Because the lines must stay identical, write out the data without changing anything.

---------------

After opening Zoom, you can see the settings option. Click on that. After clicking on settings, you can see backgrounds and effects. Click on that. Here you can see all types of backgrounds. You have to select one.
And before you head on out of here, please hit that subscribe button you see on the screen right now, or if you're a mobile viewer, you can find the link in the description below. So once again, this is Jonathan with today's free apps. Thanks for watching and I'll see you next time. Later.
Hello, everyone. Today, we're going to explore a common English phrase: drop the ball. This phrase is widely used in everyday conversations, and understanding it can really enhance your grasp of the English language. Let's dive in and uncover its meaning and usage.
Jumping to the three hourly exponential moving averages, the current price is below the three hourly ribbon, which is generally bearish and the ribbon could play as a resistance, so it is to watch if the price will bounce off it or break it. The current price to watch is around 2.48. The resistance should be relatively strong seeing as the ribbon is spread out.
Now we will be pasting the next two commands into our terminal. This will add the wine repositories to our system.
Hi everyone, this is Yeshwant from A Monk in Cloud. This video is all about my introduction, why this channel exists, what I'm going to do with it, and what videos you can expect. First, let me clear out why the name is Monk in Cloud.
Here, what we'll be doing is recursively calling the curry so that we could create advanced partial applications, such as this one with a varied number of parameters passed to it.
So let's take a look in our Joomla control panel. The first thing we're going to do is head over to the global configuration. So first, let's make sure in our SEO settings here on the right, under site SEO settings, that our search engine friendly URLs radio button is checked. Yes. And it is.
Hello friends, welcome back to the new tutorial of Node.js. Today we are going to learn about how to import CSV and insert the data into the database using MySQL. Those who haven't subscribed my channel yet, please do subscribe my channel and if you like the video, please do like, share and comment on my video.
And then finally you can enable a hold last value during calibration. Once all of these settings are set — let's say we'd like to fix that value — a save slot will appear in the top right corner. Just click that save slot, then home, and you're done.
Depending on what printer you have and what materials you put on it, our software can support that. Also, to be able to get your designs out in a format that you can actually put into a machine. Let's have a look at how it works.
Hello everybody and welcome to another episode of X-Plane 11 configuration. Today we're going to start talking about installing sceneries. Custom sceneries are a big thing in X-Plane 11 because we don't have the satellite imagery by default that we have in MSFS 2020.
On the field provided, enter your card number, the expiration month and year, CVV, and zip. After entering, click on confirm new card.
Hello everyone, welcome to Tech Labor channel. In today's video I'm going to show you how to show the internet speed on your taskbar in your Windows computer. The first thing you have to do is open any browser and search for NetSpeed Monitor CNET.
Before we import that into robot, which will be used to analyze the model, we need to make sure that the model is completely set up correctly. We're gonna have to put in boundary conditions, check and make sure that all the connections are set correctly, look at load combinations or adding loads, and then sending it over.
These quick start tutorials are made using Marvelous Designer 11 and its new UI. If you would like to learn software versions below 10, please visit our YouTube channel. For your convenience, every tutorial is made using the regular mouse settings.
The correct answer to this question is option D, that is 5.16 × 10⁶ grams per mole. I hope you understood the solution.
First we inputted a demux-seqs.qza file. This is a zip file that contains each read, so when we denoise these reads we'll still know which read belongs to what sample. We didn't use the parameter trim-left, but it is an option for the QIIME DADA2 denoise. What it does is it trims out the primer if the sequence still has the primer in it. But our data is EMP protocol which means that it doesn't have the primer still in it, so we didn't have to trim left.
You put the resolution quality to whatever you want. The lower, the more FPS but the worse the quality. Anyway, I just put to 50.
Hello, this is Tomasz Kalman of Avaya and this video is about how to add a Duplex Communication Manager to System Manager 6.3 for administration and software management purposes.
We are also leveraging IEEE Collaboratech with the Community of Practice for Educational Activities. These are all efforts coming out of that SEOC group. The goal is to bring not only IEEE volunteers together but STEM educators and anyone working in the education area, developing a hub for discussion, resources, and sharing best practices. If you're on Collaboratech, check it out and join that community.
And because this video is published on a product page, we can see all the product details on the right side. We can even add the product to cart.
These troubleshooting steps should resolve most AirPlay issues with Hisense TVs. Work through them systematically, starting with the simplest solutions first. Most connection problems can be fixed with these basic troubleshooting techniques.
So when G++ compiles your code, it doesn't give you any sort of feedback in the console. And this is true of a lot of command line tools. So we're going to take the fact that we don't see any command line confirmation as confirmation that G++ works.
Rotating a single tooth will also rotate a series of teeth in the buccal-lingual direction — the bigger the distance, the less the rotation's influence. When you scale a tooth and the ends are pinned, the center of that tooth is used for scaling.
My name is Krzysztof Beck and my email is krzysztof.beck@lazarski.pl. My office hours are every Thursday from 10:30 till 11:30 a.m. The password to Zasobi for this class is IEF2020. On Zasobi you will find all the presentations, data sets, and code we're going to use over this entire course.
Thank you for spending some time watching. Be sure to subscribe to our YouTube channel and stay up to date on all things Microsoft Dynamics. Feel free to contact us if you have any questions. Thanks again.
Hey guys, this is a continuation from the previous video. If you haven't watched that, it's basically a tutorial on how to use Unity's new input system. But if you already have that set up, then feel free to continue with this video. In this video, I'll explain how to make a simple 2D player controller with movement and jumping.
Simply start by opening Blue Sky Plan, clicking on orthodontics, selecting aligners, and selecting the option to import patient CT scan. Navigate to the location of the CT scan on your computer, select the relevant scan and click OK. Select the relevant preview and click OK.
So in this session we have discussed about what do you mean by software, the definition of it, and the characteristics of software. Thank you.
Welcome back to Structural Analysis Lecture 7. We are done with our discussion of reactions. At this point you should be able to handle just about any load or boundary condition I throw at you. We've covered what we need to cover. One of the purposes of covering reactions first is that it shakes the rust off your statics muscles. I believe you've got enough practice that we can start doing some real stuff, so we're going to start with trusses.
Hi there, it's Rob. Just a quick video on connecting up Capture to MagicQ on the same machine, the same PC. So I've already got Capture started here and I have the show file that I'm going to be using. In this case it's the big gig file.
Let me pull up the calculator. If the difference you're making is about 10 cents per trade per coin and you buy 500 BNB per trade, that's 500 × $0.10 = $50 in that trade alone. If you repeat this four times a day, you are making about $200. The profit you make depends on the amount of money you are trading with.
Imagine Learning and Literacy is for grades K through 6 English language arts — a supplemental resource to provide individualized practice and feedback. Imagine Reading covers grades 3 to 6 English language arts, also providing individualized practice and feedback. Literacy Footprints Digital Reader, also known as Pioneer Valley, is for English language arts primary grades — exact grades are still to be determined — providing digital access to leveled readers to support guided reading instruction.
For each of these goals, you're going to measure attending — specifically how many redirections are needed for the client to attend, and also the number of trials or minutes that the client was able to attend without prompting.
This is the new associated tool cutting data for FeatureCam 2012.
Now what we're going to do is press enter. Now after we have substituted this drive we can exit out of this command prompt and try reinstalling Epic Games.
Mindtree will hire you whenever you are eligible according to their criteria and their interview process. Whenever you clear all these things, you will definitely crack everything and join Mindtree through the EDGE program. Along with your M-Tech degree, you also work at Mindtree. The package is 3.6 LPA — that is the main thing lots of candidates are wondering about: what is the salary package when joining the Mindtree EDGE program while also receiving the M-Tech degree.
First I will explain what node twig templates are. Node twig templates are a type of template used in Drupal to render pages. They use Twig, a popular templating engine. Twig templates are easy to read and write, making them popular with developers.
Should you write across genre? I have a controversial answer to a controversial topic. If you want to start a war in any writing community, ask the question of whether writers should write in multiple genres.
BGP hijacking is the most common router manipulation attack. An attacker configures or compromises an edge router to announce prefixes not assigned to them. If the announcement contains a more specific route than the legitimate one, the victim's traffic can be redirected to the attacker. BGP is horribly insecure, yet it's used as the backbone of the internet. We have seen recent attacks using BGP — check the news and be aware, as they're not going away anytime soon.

---------------

_Task response_.
After opening Zoom, you can see the settings option. Click on that. After clicking on settings, you can see backgrounds and effects. Click on that. Here you can see all types of backgrounds. You have to select one.
And before you head on out of here, please hit that subscribe button you see on the screen right now, or if you're a mobile viewer, you can find the link in the description below. So once again, this is Jonathan with today's free apps. Thanks for watching and I'll see you next time. Later.
Hello, everyone. Today, we're going to explore a common English phrase: drop the ball. This phrase is widely used in everyday conversations, and understanding it can really enhance your grasp of the English language. Let's dive in and uncover its meaning and usage.
Jumping to the three hourly exponential moving averages, the current price is below the three hourly ribbon, which is generally bearish and the ribbon could play as a resistance, so it is to watch if the price will bounce off it or break it. The current price to watch is around 2.48. The resistance should be relatively strong seeing as the ribbon is spread out.
Now we will be pasting the next two commands into our terminal. This will add the wine repositories to our system.
Hi everyone, this is Yeshwant from A Monk in Cloud. This video is all about my introduction, why this channel exists, what I'm going to do with it, and what videos you can expect. First, let me clear out why the name is Monk in Cloud.
Here, what we'll be doing is recursively calling the curry so that we could create advanced partial applications, such as this one with a varied number of parameters passed to it.
So let's take a look in our Joomla control panel. The first thing we're going to do is head over to the global configuration. So first, let's make sure in our SEO settings here on the right, under site SEO settings, that our search engine friendly URLs radio button is checked. Yes. And it is.
Hello friends, welcome back to the new tutorial of Node.js. Today we are going to learn about how to import CSV and insert the data into the database using MySQL. Those who haven't subscribed my channel yet, please do subscribe my channel and if you like the video, please do like, share and comment on my video.
And then finally you can enable a hold last value during calibration. Once all of these settings are set — let's say we'd like to fix that value — a save slot will appear in the top right corner. Just click that save slot, then home, and you're done.
Depending on what printer you have and what materials you put on it, our software can support that. Also, to be able to get your designs out in a format that you can actually put into a machine. Let's have a look at how it works.
Hello everybody and welcome to another episode of X-Plane 11 configuration. Today we're going to start talking about installing sceneries. Custom sceneries are a big thing in X-Plane 11 because we don't have the satellite imagery by default that we have in MSFS 2020.
On the field provided, enter your card number, the expiration month and year, CVV, and zip. After entering, click on confirm new card.
Hello everyone, welcome to Tech Labor channel. In today's video I'm going to show you how to show the internet speed on your taskbar in your Windows computer. The first thing you have to do is open any browser and search for NetSpeed Monitor CNET.
Before we import that into robot, which will be used to analyze the model, we need to make sure that the model is completely set up correctly. We're gonna have to put in boundary conditions, check and make sure that all the connections are set correctly, look at load combinations or adding loads, and then sending it over.
These quick start tutorials are made using Marvelous Designer 11 and its new UI. If you would like to learn software versions below 10, please visit our YouTube channel. For your convenience, every tutorial is made using the regular mouse settings.
The correct answer to this question is option D, that is 5.16 × 10⁶ grams per mole. I hope you understood the solution.
First we inputted a demux-seqs.qza file. This is a zip file that contains each read, so when we denoise these reads we'll still know which read belongs to what sample. We didn't use the parameter trim-left, but it is an option for the QIIME DADA2 denoise. What it does is it trims out the primer if the sequence still has the primer in it. But our data is EMP protocol which means that it doesn't have the primer still in it, so we didn't have to trim left.
You put the resolution quality to whatever you want. The lower, the more FPS but the worse the quality. Anyway, I just put to 50.
Hello, this is Tomasz Kalman of Avaya and this video is about how to add a Duplex Communication Manager to System Manager 6.3 for administration and software management purposes.
We are also leveraging IEEE Collaboratech with the Community of Practice for Educational Activities. These are all efforts coming out of that SEOC group. The goal is to bring not only IEEE volunteers together but STEM educators and anyone working in the education area, developing a hub for discussion, resources, and sharing best practices. If you're on Collaboratech, check it out and join that community.
And because this video is published on a product page, we can see all the product details on the right side. We can even add the product to cart.
These troubleshooting steps should resolve most AirPlay issues with Hisense TVs. Work through them systematically, starting with the simplest solutions first. Most connection problems can be fixed with these basic troubleshooting techniques.
So when G++ compiles your code, it doesn't give you any sort of feedback in the console. And this is true of a lot of command line tools. So we're going to take the fact that we don't see any command line confirmation as confirmation that G++ works.
Rotating a single tooth will also rotate a series of teeth in the buccal-lingual direction — the bigger the distance, the less the rotation's influence. When you scale a tooth and the ends are pinned, the center of that tooth is used for scaling.
My name is Krzysztof Beck and my email is krzysztof.beck@lazarski.pl. My office hours are every Thursday from 10:30 till 11:30 a.m. The password to Zasobi for this class is IEF2020. On Zasobi you will find all the presentations, data sets, and code we're going to use over this entire course.
Thank you for spending some time watching. Be sure to subscribe to our YouTube channel and stay up to date on all things Microsoft Dynamics. Feel free to contact us if you have any questions. Thanks again.
Hey guys, this is a continuation from the previous video. If you haven't watched that, it's basically a tutorial on how to use Unity's new input system. But if you already have that set up, then feel free to continue with this video. In this video, I'll explain how to make a simple 2D player controller with movement and jumping.
Simply start by opening Blue Sky Plan, clicking on orthodontics, selecting aligners, and selecting the option to import patient CT scan. Navigate to the location of the CT scan on your computer, select the relevant scan and click OK. Select the relevant preview and click OK.
So in this session we have discussed about what do you mean by software, the definition of it, and the characteristics of software. Thank you.
Welcome back to Structural Analysis Lecture 7. We are done with our discussion of reactions. At this point you should be able to handle just about any load or boundary condition I throw at you. We've covered what we need to cover. One of the purposes of covering reactions first is that it shakes the rust off your statics muscles. I believe you've got enough practice that we can start doing some real stuff, so we're going to start with trusses.
Hi there, it's Rob. Just a quick video on connecting up Capture to MagicQ on the same machine, the same PC. So I've already got Capture started here and I have the show file that I'm going to be using. In this case it's the big gig file.
Let me pull up the calculator. If the difference you're making is about 10 cents per trade per coin and you buy 500 BNB per trade, that's 500 × $0.10 = $50 in that trade alone. If you repeat this four times a day, you are making about $200. The profit you make depends on the amount of money you are trading with.
Imagine Learning and Literacy is for grades K through 6 English language arts — a supplemental resource to provide individualized practice and feedback. Imagine Reading covers grades 3 to 6 English language arts, also providing individualized practice and feedback. Literacy Footprints Digital Reader, also known as Pioneer Valley, is for English language arts primary grades — exact grades are still to be determined — providing digital access to leveled readers to support guided reading instruction.
For each of these goals, you're going to measure attending — specifically how many redirections are needed for the client to attend, and also the number of trials or minutes that the client was able to attend without prompting.
This is the new associated tool cutting data for FeatureCam 2012.
Now what we're going to do is press enter. Now after we have substituted this drive we can exit out of this command prompt and try reinstalling Epic Games.
Mindtree will hire you whenever you are eligible according to their criteria and their interview process. Whenever you clear all these things, you will definitely crack everything and join Mindtree through the EDGE program. Along with your M-Tech degree, you also work at Mindtree. The package is 3.6 LPA — that is the main thing lots of candidates are wondering about: what is the salary package when joining the Mindtree EDGE program while also receiving the M-Tech degree.
First I will explain what node twig templates are. Node twig templates are a type of template used in Drupal to render pages. They use Twig, a popular templating engine. Twig templates are easy to read and write, making them popular with developers.
Should you write across genre? I have a controversial answer to a controversial topic. If you want to start a war in any writing community, ask the question of whether writers should write in multiple genres.
BGP hijacking is the most common router manipulation attack. An attacker configures or compromises an edge router to announce prefixes not assigned to them. If the announcement contains a more specific route than the legitimate one, the victim's traffic can be redirected to the attacker. BGP is horribly insecure, yet it's used as the backbone of the internet. We have seen recent attacks using BGP — check the news and be aware, as they're not going away anytime soon.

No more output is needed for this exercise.